'Project Zero' Aims to Get More Arkansas Foster Kids Adopted

    National Adoption Month has come to an end, but in Arkansas, almost 300 children are waiting to be adopted.

    Danielle Smith

    Project Zero is a nonprofit organization specializing in adoption through foster care working daily to make the number "zero."
    Kandace Gerber, director of marketing and development for Project Zero, said when the organization started a dozen years ago, more than 600 children were on adoption waiting lists. The numbers have decreased, but it does not make finding homes any less important.
    Gerber noted her group works to raise awareness about the children who are available for adoption.
    "And we do that through short films and our website," Gerber explained. "DCFS (Division of Children and Family Services) in Arkansas have granted us to be the only online 'Heart Gallery' that showcases a professional headshot of each of the kids that's waiting to be adopted. And we're working on getting a short film made for every single kid, to give them a voice."
    Sen. John Boozman, R-Ark., is among co-sponsors of the Adoption Tax Credit Refundability Act. The legislation aims to support lower-income families who are adopting, as well as address the number of children "aging out" of the foster-care system.
    Gerber explained most Arkansas children awaiting adoption out of foster care are 10 or older, and more than 60 of the children are a part of sibling groups. She added there is a great need for sibling adoptions, and also for older teens, to help them safely transition from the foster-care system into young adulthood. Without planning and support, she argued, the outcome is poor and can have lifelong effects.
    "The statistics that face children, if they age out of foster care at 18 or 21, are gruesome and increasing every year," Gerber pointed out. "Just the teenage pregnancy, lack of education. On average, only 3% of kids that age out of foster care finish college."

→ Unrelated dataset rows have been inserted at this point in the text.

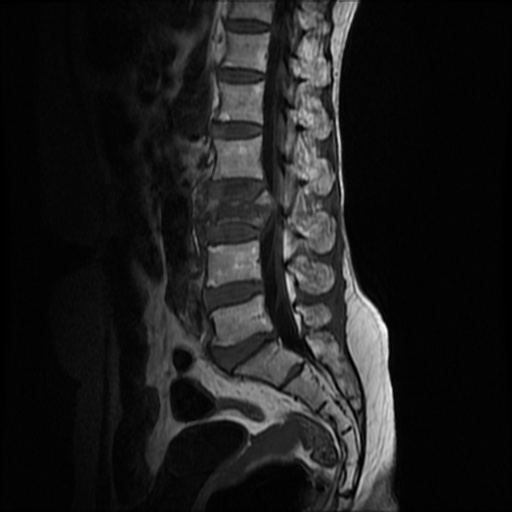 File:Burst fracture - lumbar spine (Radiopaedia 72877-83541 Sagittal T1 6).jpg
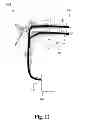 Fig. 13 - MULTI-DIRECTIONAL NEEDLE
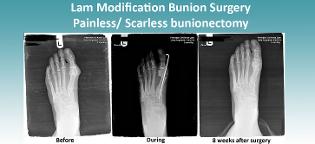scarless bunion surgery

    Gerber emphasized adoption is a life-altering event, and some children they work with have experienced trauma in their lives, which can make parenting more challenging. She recommended training known as "PRIDE," Parent Resources for Information, Development and Education, offered by another nonprofit, called Children of Arkansas Loved for a Lifetime.

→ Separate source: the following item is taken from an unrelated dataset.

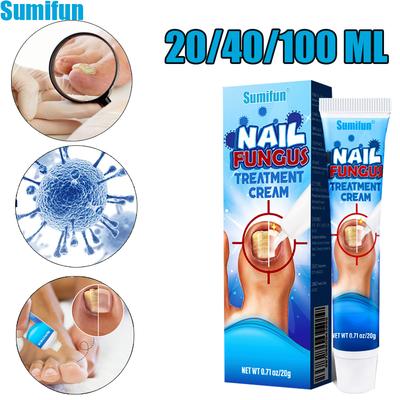 Sumifun 20/40/100 мл Крем для восстановления онихомикоза Убивает грибок ногтей Мазь Летний уход за ногтями ног Бактериостатическая мазь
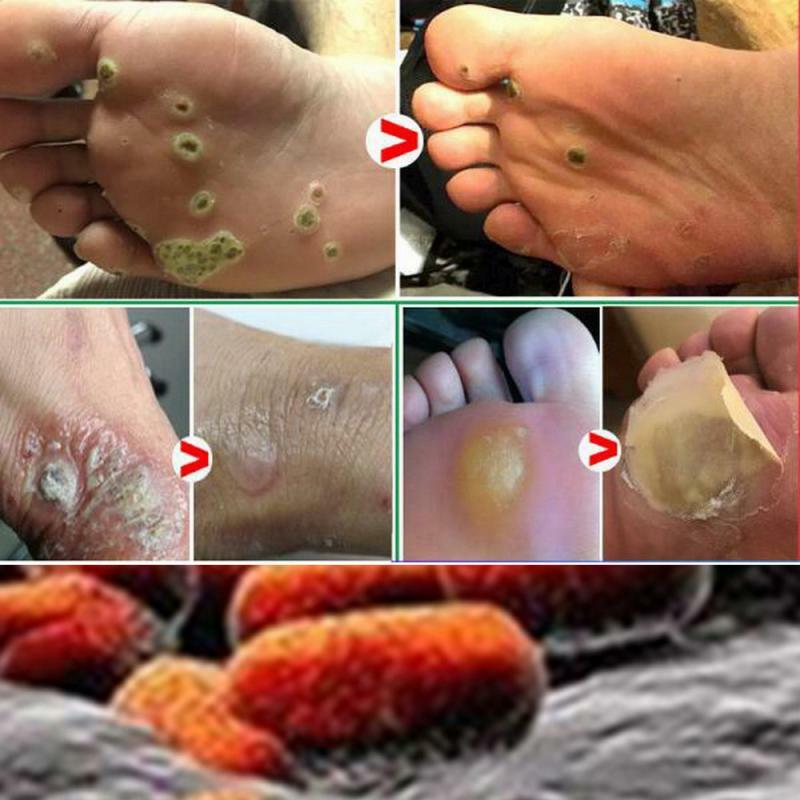 Removedor de marcas na pele, removedor de marcas na pele, tratamento para cuidados com os pés, removedor de cravos no líquido tslm1 com 10ml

    "And they offer a weekend intensive, where you are trained in how to deal with kids from trauma, because most of these kids obviously are in foster care for no fault of their own, but there's a lot of trauma," Gerber outlined. "Deal with reactive attachment disorder, and just basic, like how to 'graft' these children."
    Gerber stressed the agency has learned training makes the adoption process easier, both for parents and children.